[Brief descriptive captions]

%%

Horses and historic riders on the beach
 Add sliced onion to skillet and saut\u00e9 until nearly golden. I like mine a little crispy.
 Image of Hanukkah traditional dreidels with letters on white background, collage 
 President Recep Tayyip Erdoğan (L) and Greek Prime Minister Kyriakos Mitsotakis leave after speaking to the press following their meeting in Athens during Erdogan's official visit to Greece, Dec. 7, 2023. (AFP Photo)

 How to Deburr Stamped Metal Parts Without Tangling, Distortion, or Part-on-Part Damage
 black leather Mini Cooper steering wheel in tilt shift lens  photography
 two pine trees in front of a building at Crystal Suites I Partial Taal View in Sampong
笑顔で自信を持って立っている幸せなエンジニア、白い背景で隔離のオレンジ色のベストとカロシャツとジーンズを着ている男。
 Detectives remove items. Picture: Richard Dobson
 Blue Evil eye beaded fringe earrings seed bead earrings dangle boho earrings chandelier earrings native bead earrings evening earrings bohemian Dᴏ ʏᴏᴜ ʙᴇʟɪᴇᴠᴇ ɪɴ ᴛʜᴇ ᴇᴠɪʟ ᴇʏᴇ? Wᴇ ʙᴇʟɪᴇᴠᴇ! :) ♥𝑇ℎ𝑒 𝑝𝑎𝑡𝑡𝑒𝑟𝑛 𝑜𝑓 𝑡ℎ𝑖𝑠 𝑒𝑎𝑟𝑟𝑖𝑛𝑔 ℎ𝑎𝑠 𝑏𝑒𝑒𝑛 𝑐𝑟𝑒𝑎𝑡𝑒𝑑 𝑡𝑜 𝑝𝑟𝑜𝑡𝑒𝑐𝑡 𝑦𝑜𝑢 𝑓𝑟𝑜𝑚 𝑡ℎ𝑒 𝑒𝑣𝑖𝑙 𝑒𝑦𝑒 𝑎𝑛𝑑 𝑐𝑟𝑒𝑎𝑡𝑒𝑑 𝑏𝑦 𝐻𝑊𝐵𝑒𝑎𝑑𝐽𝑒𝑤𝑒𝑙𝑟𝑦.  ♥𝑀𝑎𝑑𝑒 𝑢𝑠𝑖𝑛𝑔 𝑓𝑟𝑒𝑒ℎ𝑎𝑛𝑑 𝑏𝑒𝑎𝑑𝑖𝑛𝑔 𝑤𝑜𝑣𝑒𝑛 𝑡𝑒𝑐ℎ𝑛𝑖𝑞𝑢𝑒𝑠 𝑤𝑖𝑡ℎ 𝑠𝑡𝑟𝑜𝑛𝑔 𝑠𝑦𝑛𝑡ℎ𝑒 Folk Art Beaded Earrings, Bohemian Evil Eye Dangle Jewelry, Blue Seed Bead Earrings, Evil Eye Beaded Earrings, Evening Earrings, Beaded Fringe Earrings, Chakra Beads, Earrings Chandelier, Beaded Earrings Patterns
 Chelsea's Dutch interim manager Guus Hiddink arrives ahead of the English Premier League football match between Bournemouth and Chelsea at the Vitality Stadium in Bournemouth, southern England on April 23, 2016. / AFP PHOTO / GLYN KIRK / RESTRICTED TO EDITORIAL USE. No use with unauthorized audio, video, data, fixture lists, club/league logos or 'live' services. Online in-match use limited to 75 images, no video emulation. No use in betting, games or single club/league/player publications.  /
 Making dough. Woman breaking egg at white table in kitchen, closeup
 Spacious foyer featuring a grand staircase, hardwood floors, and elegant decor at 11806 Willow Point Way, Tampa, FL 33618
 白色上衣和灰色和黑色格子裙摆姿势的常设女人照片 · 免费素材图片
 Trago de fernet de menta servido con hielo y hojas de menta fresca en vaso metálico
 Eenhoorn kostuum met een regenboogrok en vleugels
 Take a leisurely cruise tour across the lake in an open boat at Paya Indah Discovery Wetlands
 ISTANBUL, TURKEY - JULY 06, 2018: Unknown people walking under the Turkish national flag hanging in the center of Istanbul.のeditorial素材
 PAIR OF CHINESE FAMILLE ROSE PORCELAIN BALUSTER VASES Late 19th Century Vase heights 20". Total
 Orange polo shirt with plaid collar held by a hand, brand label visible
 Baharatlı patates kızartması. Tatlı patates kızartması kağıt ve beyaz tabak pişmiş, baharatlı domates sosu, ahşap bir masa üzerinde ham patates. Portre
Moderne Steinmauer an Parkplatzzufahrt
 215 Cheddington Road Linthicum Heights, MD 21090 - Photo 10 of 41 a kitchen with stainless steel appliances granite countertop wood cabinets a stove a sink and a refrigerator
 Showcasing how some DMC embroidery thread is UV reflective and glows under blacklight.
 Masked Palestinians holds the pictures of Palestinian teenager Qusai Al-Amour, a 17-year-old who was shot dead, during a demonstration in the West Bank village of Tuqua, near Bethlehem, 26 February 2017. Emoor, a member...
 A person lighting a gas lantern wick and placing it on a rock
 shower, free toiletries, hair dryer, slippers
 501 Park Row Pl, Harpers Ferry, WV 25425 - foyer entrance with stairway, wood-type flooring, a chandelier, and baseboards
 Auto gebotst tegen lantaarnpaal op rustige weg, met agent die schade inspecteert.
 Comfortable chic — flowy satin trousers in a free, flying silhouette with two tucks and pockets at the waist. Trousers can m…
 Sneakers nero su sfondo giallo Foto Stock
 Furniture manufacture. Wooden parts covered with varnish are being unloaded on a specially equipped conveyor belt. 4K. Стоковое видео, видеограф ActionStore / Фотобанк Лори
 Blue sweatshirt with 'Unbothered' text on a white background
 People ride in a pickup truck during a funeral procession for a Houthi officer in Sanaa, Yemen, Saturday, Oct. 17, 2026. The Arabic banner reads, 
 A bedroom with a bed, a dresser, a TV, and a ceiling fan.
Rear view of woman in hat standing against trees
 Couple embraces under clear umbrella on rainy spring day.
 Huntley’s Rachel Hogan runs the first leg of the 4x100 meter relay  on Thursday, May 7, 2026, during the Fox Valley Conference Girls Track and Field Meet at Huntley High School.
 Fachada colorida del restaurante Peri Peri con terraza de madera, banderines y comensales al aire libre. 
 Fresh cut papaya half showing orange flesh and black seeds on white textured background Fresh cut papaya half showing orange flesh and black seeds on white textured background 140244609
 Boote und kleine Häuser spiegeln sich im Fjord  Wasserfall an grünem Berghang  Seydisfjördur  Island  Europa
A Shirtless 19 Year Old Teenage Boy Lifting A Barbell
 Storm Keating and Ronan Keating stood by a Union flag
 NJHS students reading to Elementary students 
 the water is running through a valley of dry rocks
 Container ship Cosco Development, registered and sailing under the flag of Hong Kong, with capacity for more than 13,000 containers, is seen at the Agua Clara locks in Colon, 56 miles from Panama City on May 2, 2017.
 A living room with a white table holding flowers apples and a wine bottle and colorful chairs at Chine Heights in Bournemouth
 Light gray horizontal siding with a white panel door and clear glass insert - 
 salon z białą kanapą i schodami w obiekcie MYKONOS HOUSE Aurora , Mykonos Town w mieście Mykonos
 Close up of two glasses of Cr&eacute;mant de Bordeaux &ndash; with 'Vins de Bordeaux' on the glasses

%%

:: Your assignment ::
Your task is to restate, word for word, the lines from the beginning of the records to the line with "Blue Evil eye", inclusive.

:: Finished task ::
Horses and historic riders on the beach
 Add sliced onion to skillet and saut\u00e9 until nearly golden. I like mine a little crispy.
 Image of Hanukkah traditional dreidels with letters on white background, collage 
 President Recep Tayyip Erdoğan (L) and Greek Prime Minister Kyriakos Mitsotakis leave after speaking to the press following their meeting in Athens during Erdogan's official visit to Greece, Dec. 7, 2023. (AFP Photo)

 How to Deburr Stamped Metal Parts Without Tangling, Distortion, or Part-on-Part Damage
 black leather Mini Cooper steering wheel in tilt shift lens  photography
 two pine trees in front of a building at Crystal Suites I Partial Taal View in Sampong
笑顔で自信を持って立っている幸せなエンジニア、白い背景で隔離のオレンジ色のベストとカロシャツとジーンズを着ている男。
 Detectives remove items. Picture: Richard Dobson
 Blue Evil eye beaded fringe earrings seed bead earrings dangle boho earrings chandelier earrings native bead earrings evening earrings bohemian Dᴏ ʏᴏᴜ ʙᴇʟɪᴇᴠᴇ ɪɴ ᴛʜᴇ ᴇᴠɪʟ ᴇʏᴇ? Wᴇ ʙᴇʟɪᴇᴠᴇ! :) ♥𝑇ℎ𝑒 𝑝𝑎𝑡𝑡𝑒𝑟𝑛 𝑜𝑓 𝑡ℎ𝑖𝑠 𝑒𝑎𝑟𝑟𝑖𝑛𝑔 ℎ𝑎𝑠 𝑏𝑒𝑒𝑛 𝑐𝑟𝑒𝑎𝑡𝑒𝑑 𝑡𝑜 𝑝𝑟𝑜𝑡𝑒𝑐𝑡 𝑦𝑜𝑢 𝑓𝑟𝑜𝑚 𝑡ℎ𝑒 𝑒𝑣𝑖𝑙 𝑒𝑦𝑒 𝑎𝑛𝑑 𝑐𝑟𝑒𝑎𝑡𝑒𝑑 𝑏𝑦 𝐻𝑊𝐵𝑒𝑎𝑑𝐽𝑒𝑤𝑒𝑙𝑟𝑦.  ♥𝑀𝑎𝑑𝑒 𝑢𝑠𝑖𝑛𝑔 𝑓𝑟𝑒𝑒ℎ𝑎𝑛𝑑 𝑏𝑒𝑎𝑑𝑖𝑛𝑔 𝑤𝑜𝑣𝑒𝑛 𝑡𝑒𝑐ℎ𝑛𝑖𝑞𝑢𝑒𝑠 𝑤𝑖𝑡ℎ 𝑠𝑡𝑟𝑜𝑛𝑔 𝑠𝑦𝑛𝑡ℎ𝑒 Folk Art Beaded Earrings, Bohemian Evil Eye Dangle Jewelry, Blue Seed Bead Earrings, Evil Eye Beaded Earrings, Evening Earrings, Beaded Fringe Earrings, Chakra Beads, Earrings Chandelier, Beaded Earrings Patterns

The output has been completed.